*Given records*.
------------------------------------------------------------------------

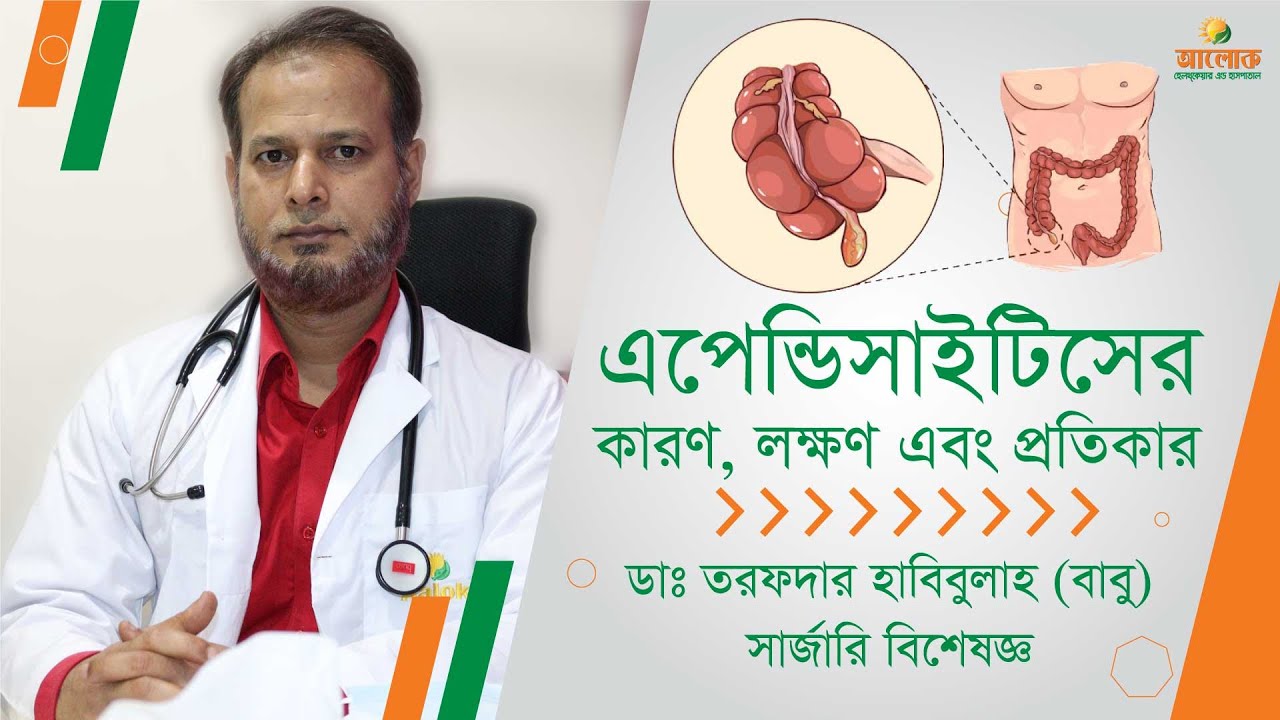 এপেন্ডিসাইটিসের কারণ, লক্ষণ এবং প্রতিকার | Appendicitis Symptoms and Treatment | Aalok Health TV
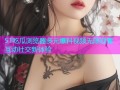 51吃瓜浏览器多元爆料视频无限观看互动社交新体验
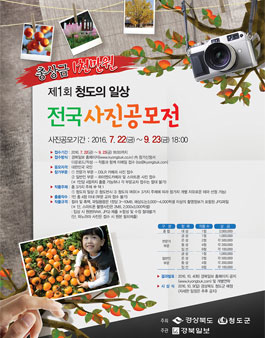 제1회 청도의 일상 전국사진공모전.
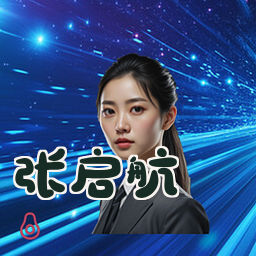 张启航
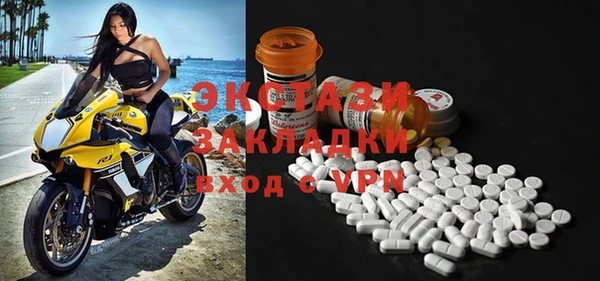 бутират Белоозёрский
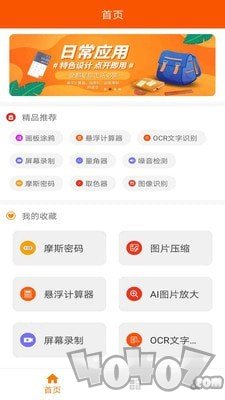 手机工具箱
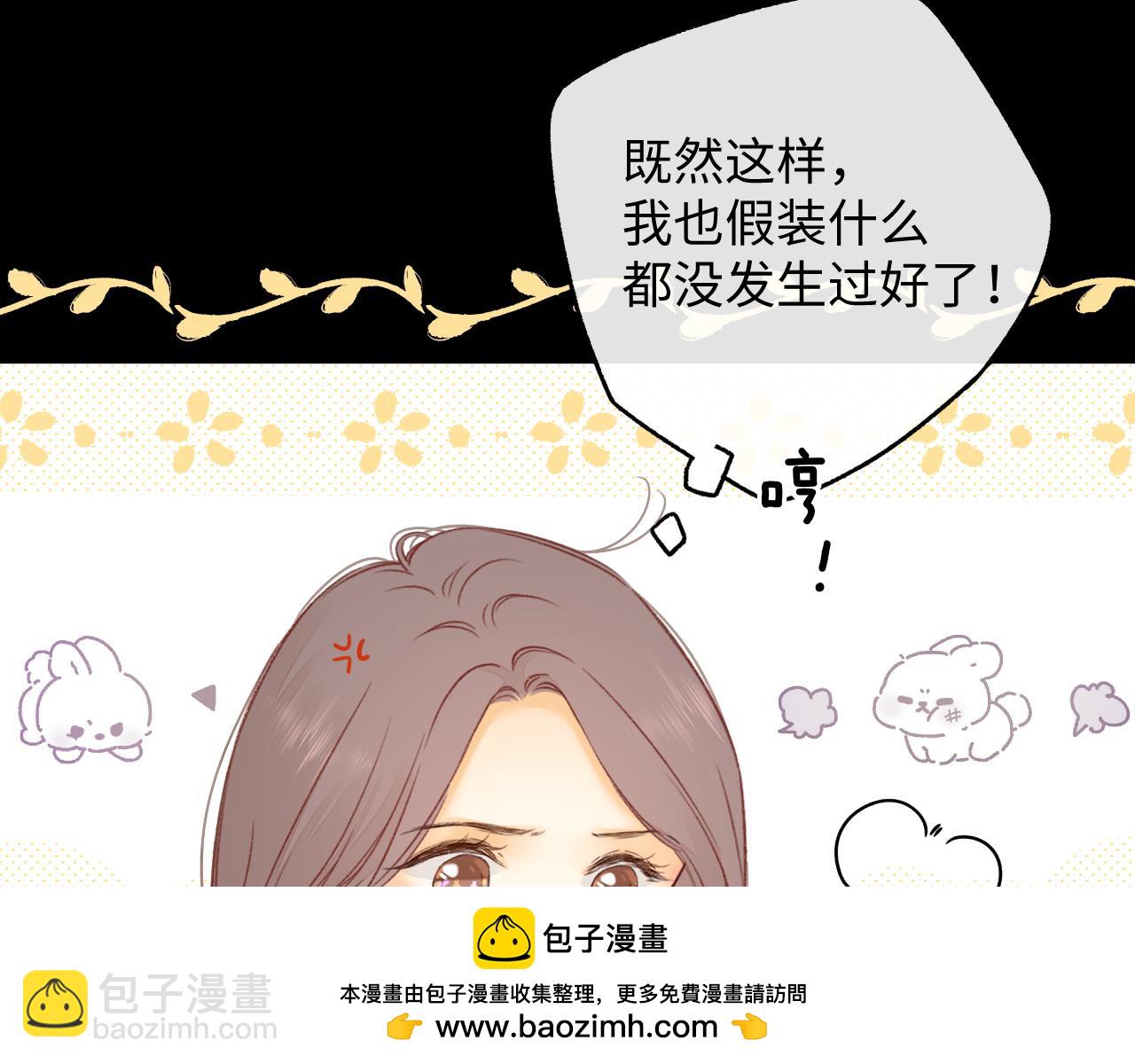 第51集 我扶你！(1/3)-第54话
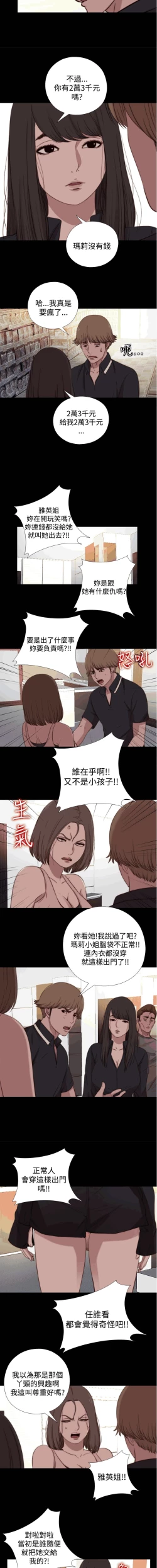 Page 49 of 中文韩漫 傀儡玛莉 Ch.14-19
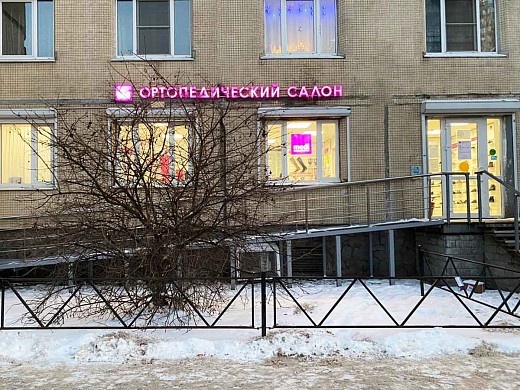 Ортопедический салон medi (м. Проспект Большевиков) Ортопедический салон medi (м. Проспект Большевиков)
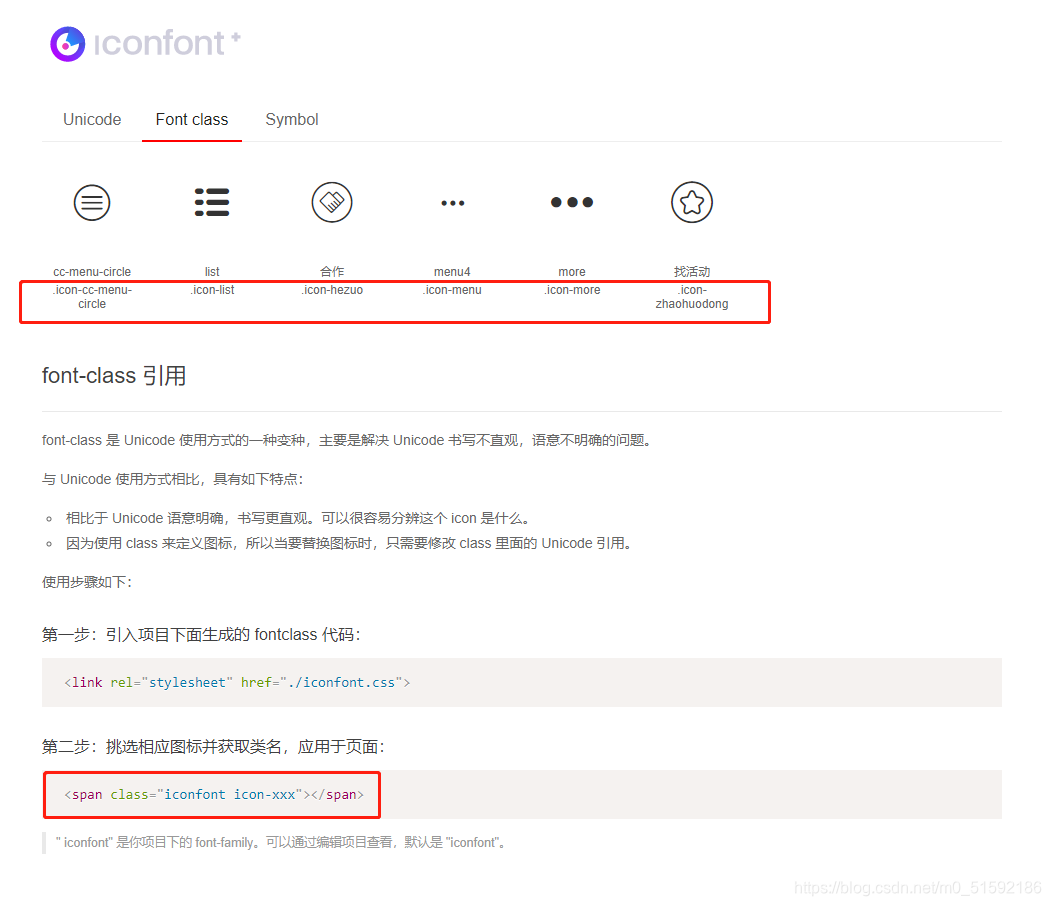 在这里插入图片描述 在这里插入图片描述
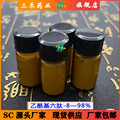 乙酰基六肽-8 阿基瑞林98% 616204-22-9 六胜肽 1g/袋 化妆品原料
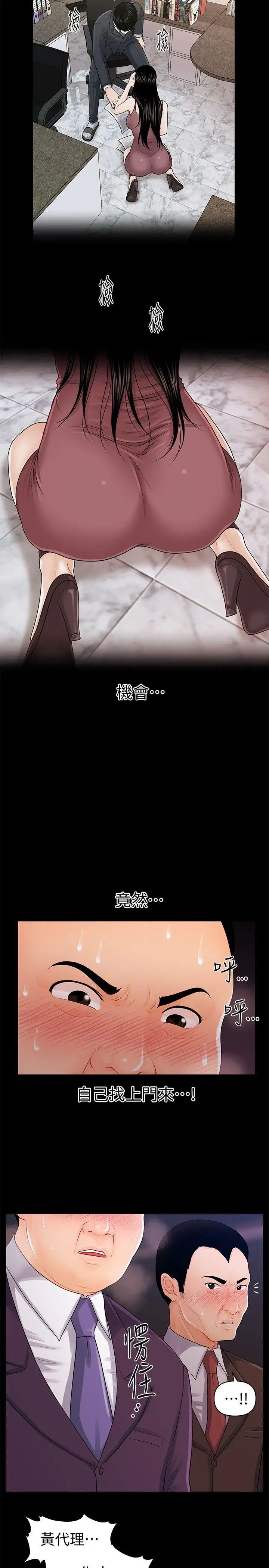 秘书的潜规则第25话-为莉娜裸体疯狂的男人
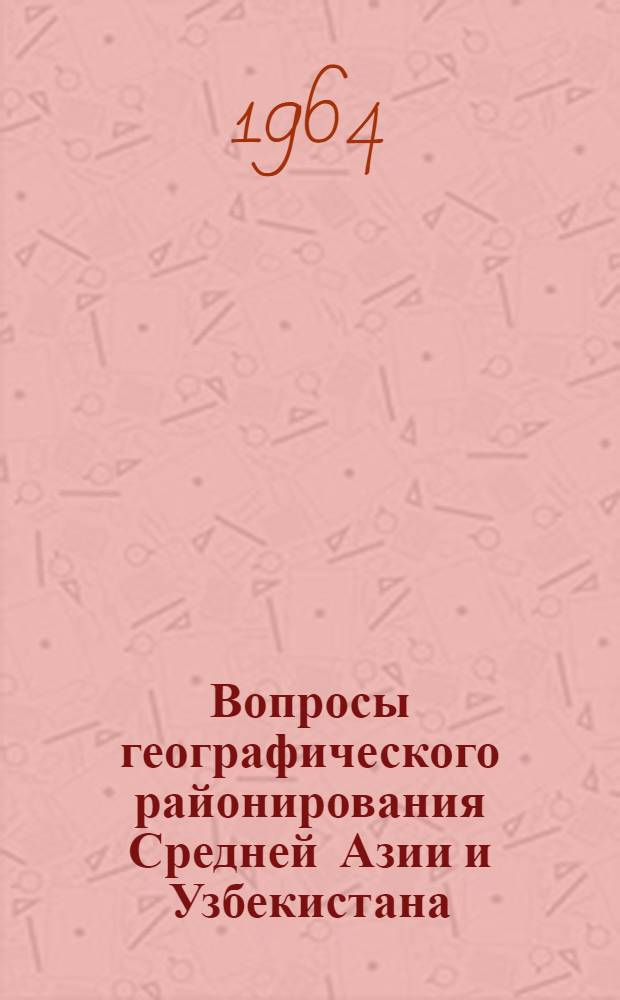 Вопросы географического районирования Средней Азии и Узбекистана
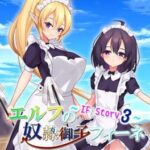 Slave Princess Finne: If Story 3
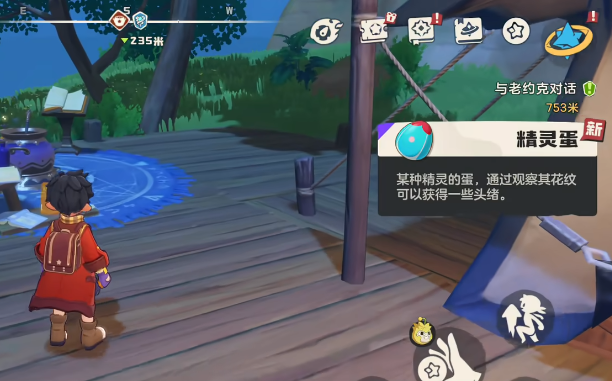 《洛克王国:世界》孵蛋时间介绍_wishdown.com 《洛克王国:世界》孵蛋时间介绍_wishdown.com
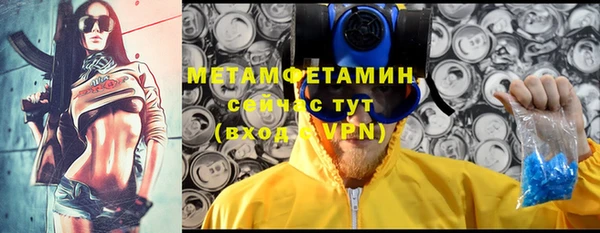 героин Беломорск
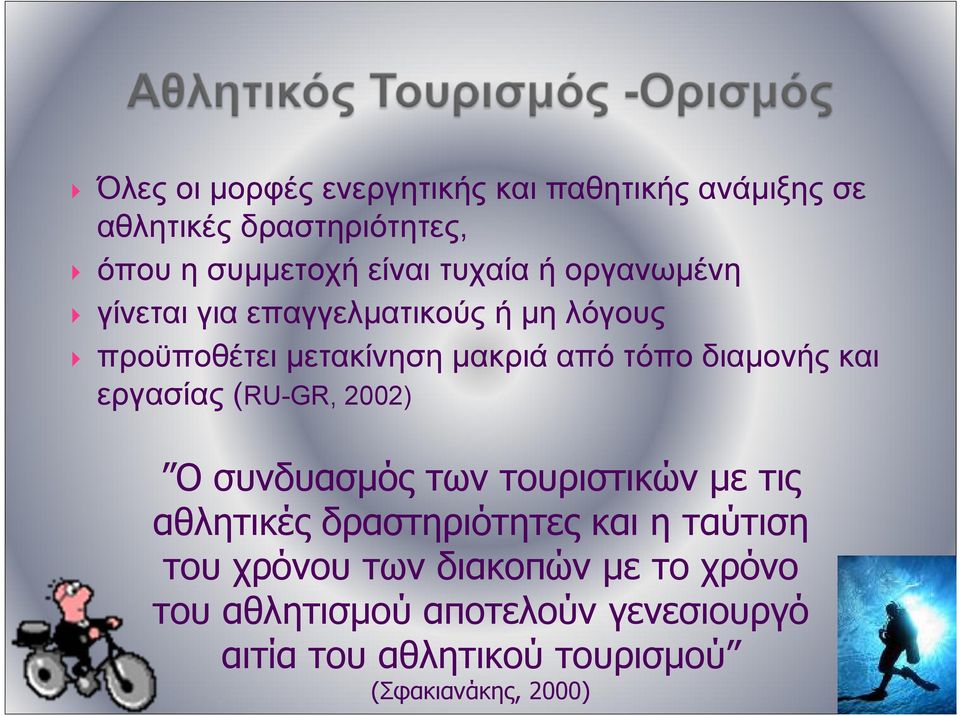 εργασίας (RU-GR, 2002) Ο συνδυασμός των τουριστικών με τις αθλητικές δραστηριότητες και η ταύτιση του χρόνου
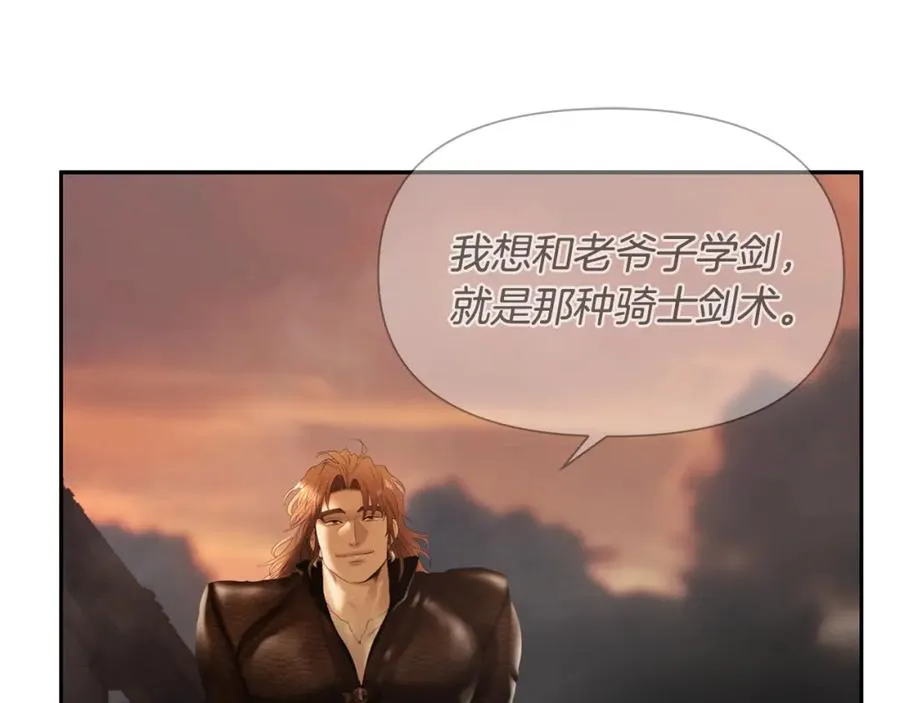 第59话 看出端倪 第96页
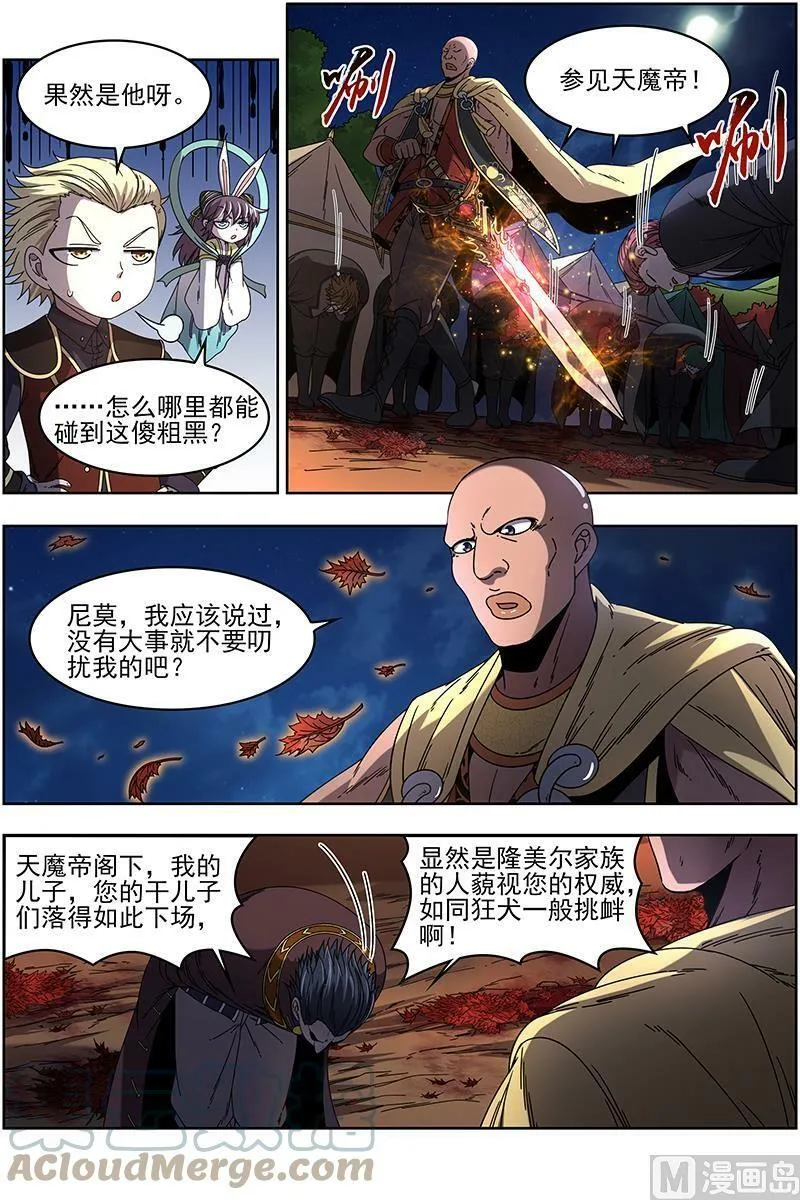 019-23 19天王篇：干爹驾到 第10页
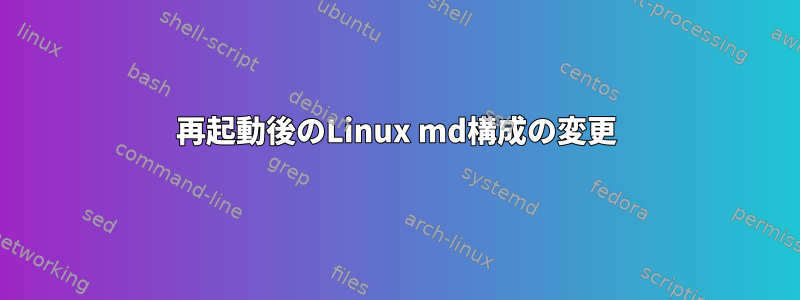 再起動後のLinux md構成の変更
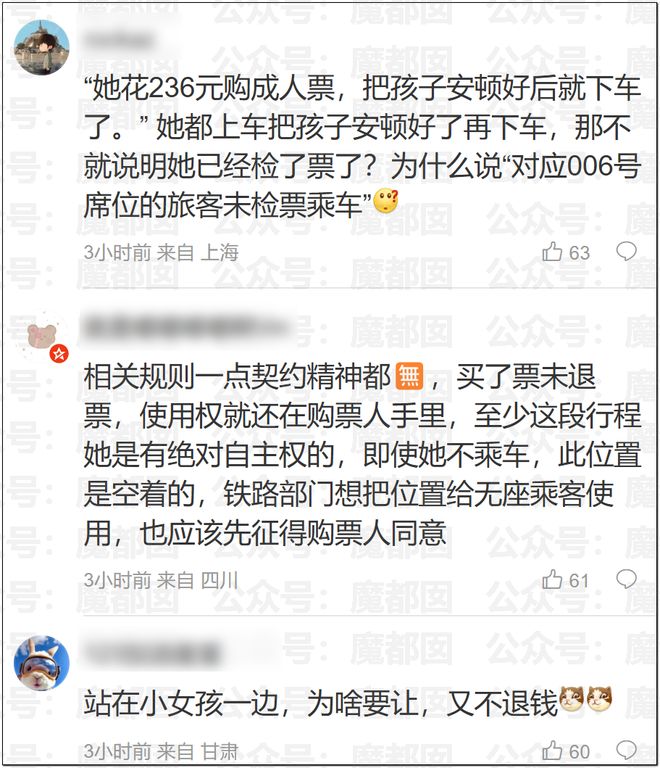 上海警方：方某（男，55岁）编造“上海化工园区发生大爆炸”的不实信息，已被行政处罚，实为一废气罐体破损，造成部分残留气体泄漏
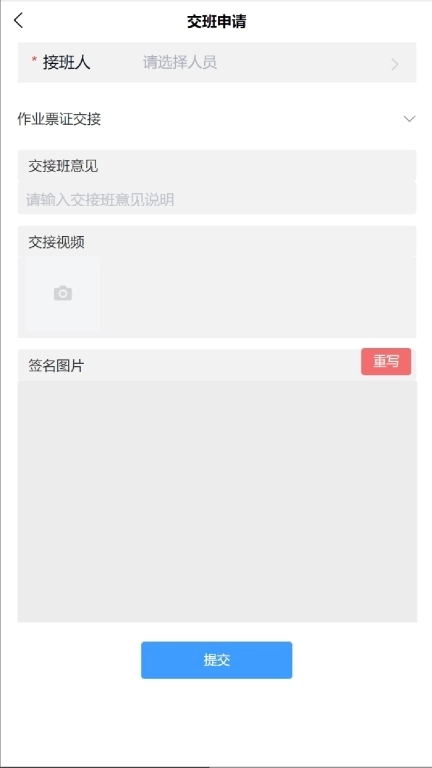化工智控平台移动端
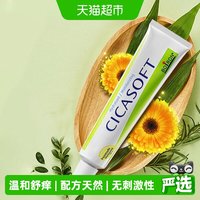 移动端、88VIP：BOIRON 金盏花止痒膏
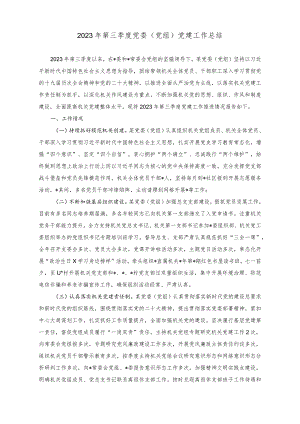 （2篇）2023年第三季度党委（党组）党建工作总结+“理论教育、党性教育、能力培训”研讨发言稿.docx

------------------------------------------------------------------------

In the answer, include exactly the lines from the one containing "秘书的潜规则第25话-为莉娜裸体疯狂的男人" through the end of the records above and no pictures at all.

 秘书的潜规则第25话-为莉娜裸体疯狂的男人
 Вопросы географического районирования Средней Азии и Узбекистана
 Slave Princess Finne: If Story 3
 《洛克王国:世界》孵蛋时间介绍_wishdown.com 《洛克王国:世界》孵蛋时间介绍_wishdown.com
 героин Беломорск
 εργασίας (RU-GR, 2002) Ο συνδυασμός των τουριστικών με τις αθλητικές δραστηριότητες και η ταύτιση του χρόνου
 第59话 看出端倪 第96页
 019-23 19天王篇：干爹驾到 第10页
 再起動後のLinux md構成の変更
 上海警方：方某（男，55岁）编造“上海化工园区发生大爆炸”的不实信息，已被行政处罚，实为一废气罐体破损，造成部分残留气体泄漏
化工智控平台移动端
 移动端、88VIP：BOIRON 金盏花止痒膏
 （2篇）2023年第三季度党委（党组）党建工作总结+“理论教育、党性教育、能力培训”研讨发言稿.docx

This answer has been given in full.